**WHAT YOU WILL DO**: For this exercise, copy the data exactly and omit any images.

**DATA BELOW**:
BEGIN

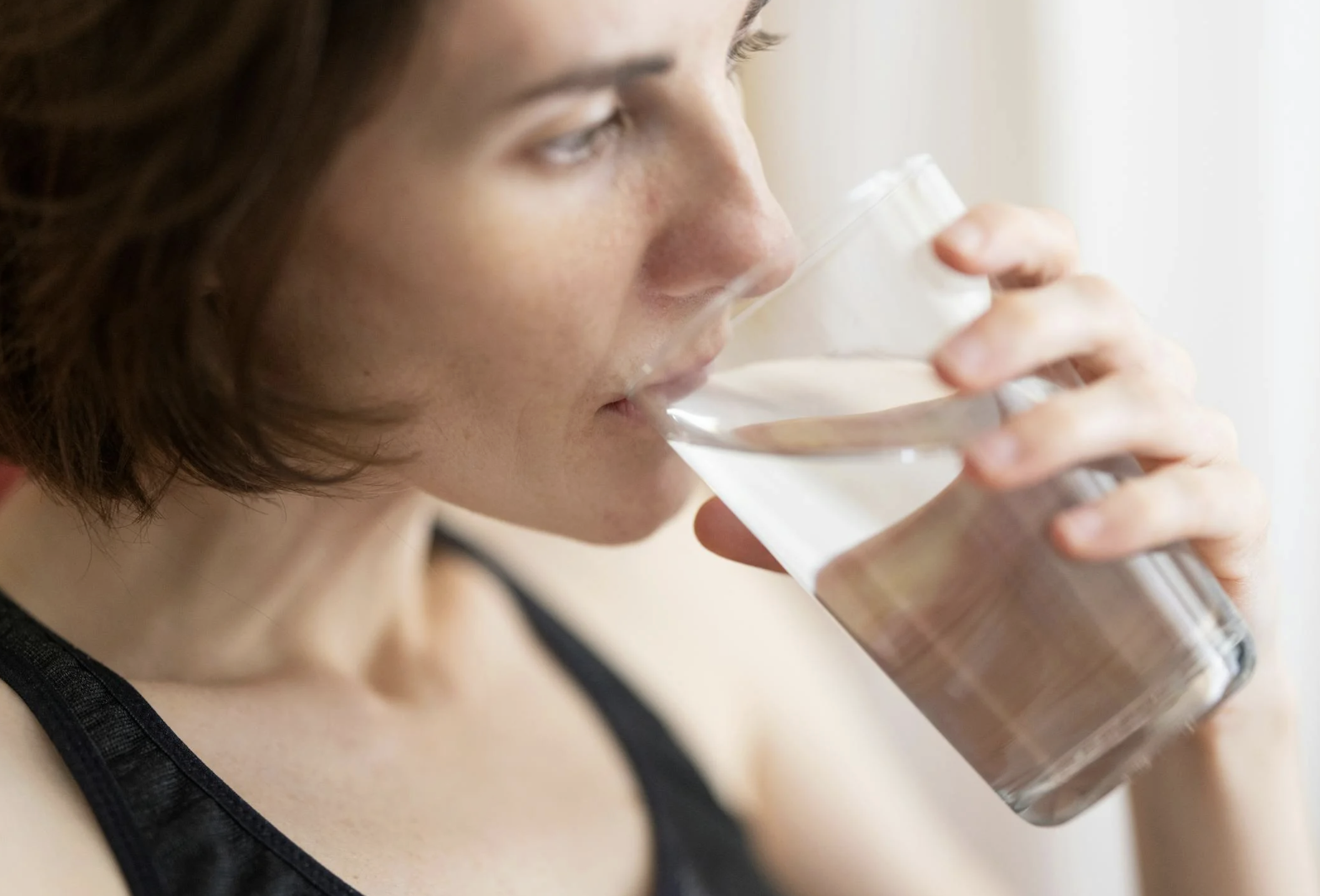 截圖 2026-04-26 晚上8.37.34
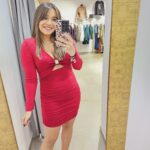 Vestido 37574 - Imagen 7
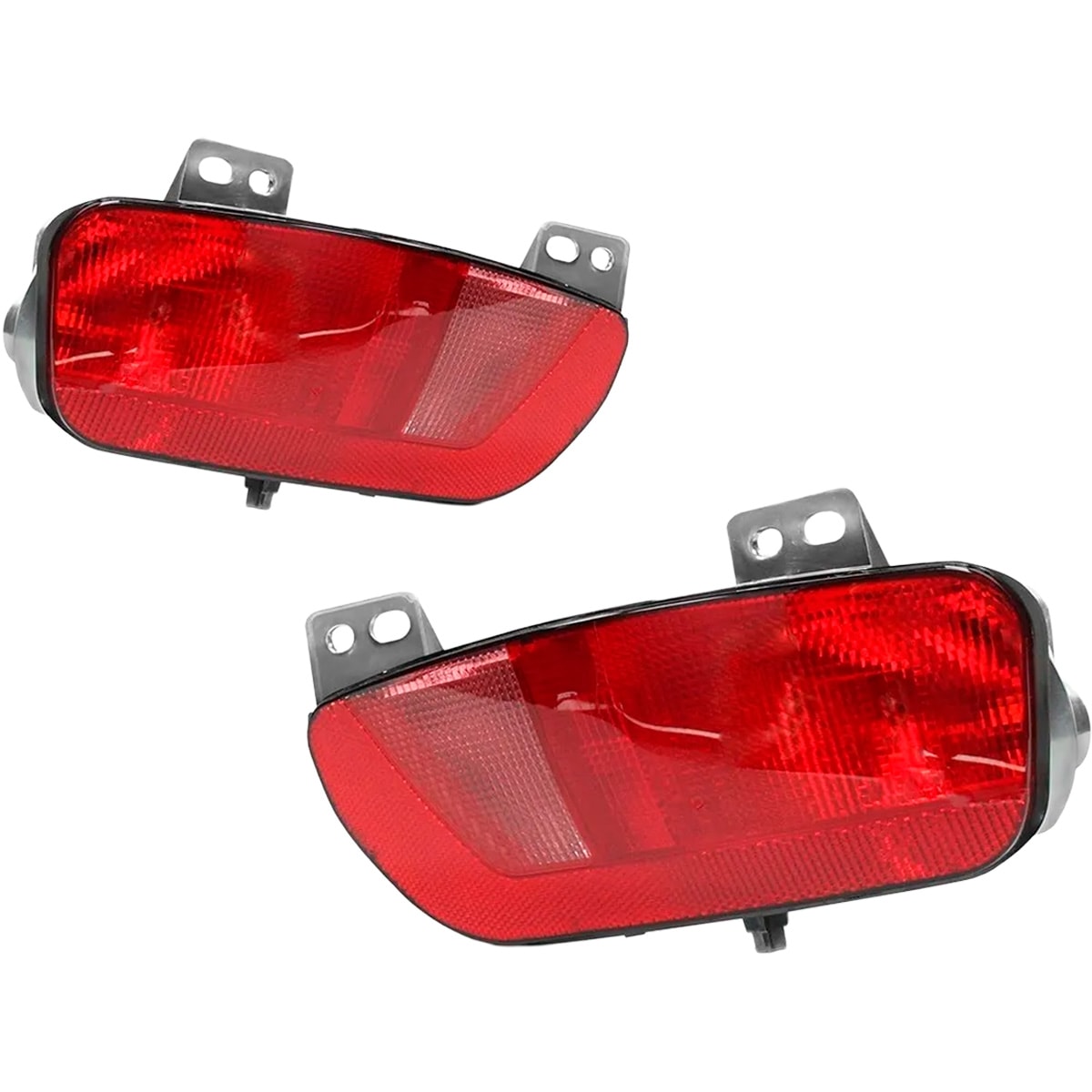 image_5266a5a1-43a6-4d3c-bbec-16a342565539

END

**RESPONSE TO THIS TASK**:
 截圖 2026-04-26 晚上8.37.34
 Vestido 37574 - Imagen 7
 image_5266a5a1-43a6-4d3c-bbec-16a342565539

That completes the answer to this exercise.